### [Directions for this task]
Once you find the line with "ミンズネイル(minsnail)/" in the entries below, print it and each line after it up to and including the line with "Ahoi aus der", exactly, without pictures.

### [Task data]
::::
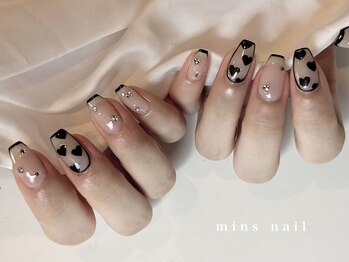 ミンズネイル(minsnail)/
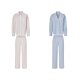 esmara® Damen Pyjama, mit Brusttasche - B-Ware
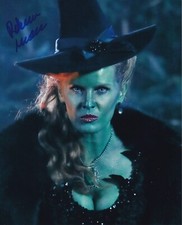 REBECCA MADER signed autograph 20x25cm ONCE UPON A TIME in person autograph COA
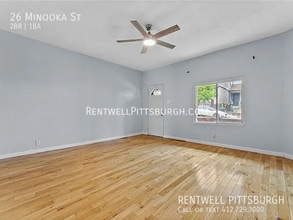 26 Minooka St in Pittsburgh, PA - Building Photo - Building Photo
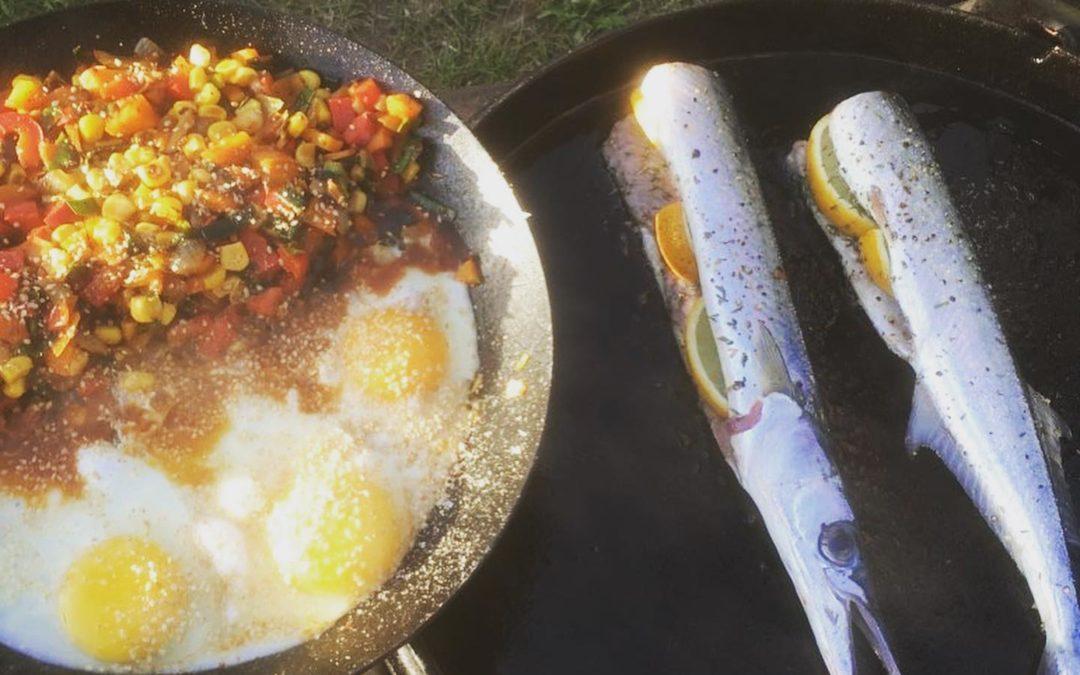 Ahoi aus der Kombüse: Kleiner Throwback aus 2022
::::
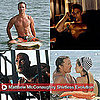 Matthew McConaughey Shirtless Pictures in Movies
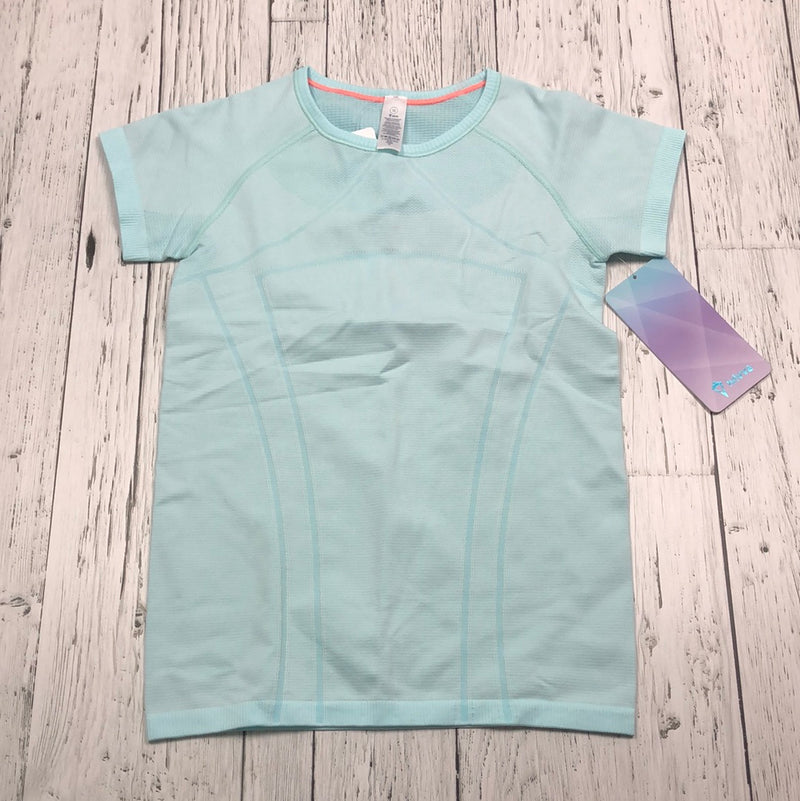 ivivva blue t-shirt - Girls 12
::::
### [Answer below]
 ミンズネイル(minsnail)/
 esmara® Damen Pyjama, mit Brusttasche - B-Ware
 REBECCA MADER signed autograph 20x25cm ONCE UPON A TIME in person autograph COA
 26 Minooka St in Pittsburgh, PA - Building Photo - Building Photo
 Ahoi aus der Kombüse: Kleiner Throwback aus 2022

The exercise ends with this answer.